» **What the exercise asks**
Could you give the data below again exactly, apart from the pictures?

» **Dataset content**
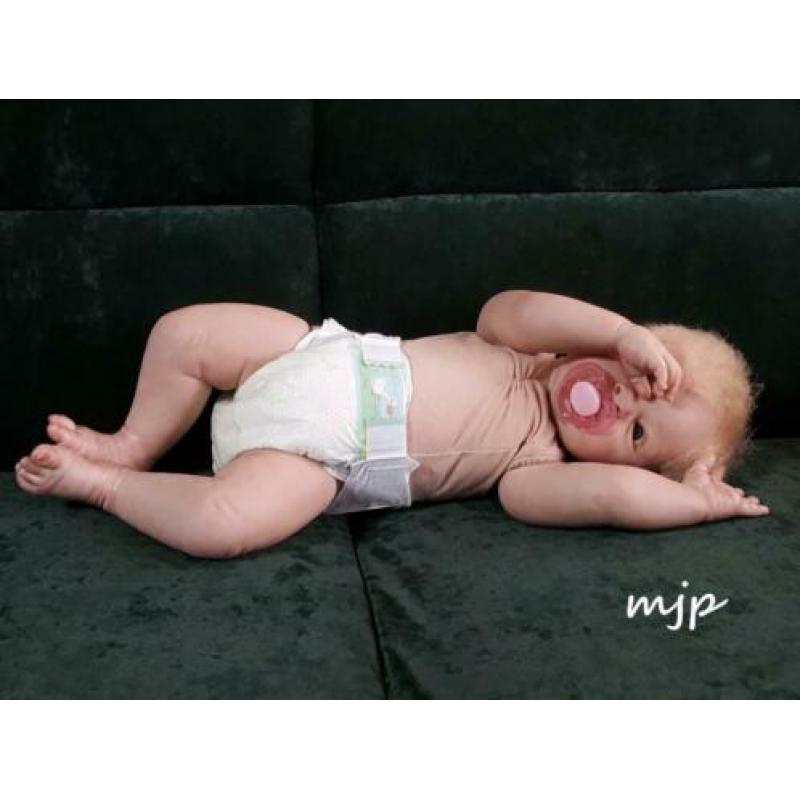 mjp Grant (2) een mollige 6mnd oude reborn baby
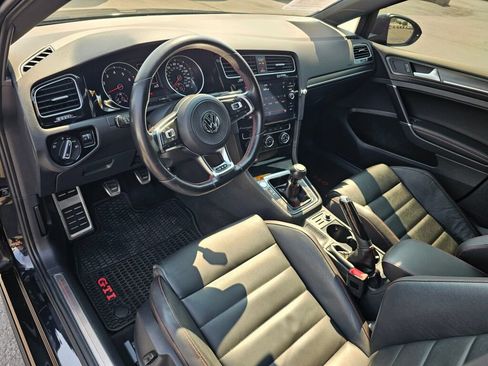 Used 2018 Volkswagen GTI SE w/ SE Leather Package FWD image 2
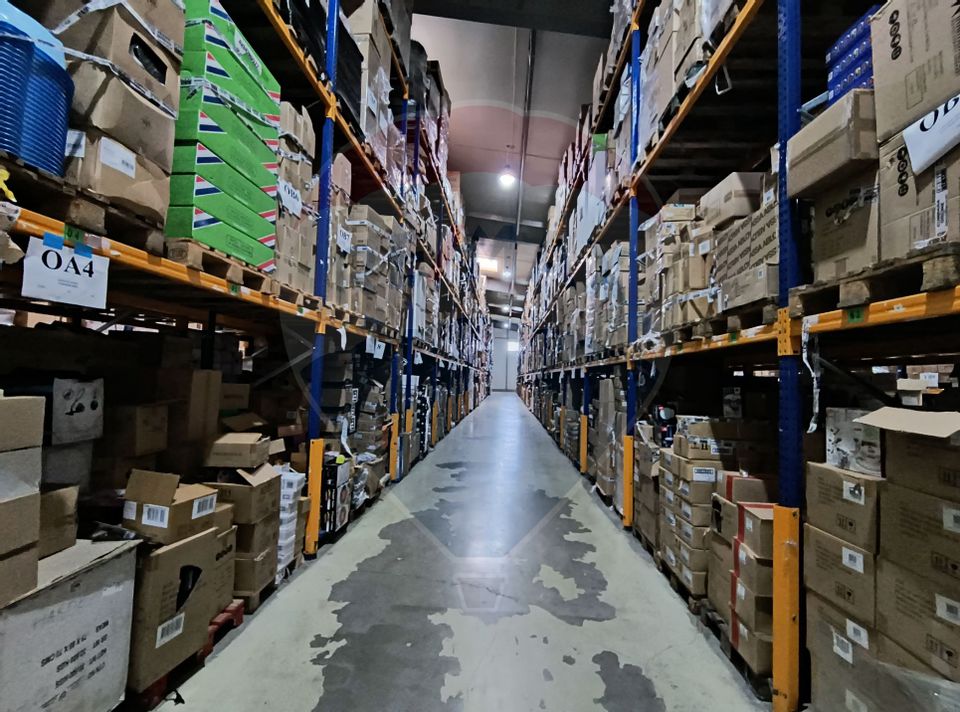 Industrial space, hall, logistics warehouse, showroom premium offices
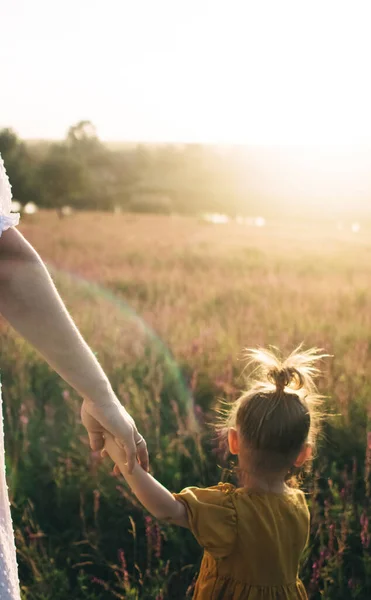 Maman Fille Sur Terrain Éblouissement Les Rayons Soleil Brillent Dans — Photo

» **Answer for the task**
 mjp Grant (2) een mollige 6mnd oude reborn baby
 Used 2018 Volkswagen GTI SE w/ SE Leather Package FWD image 2
 Industrial space, hall, logistics warehouse, showroom premium offices
 Maman Fille Sur Terrain Éblouissement Les Rayons Soleil Brillent Dans — Photo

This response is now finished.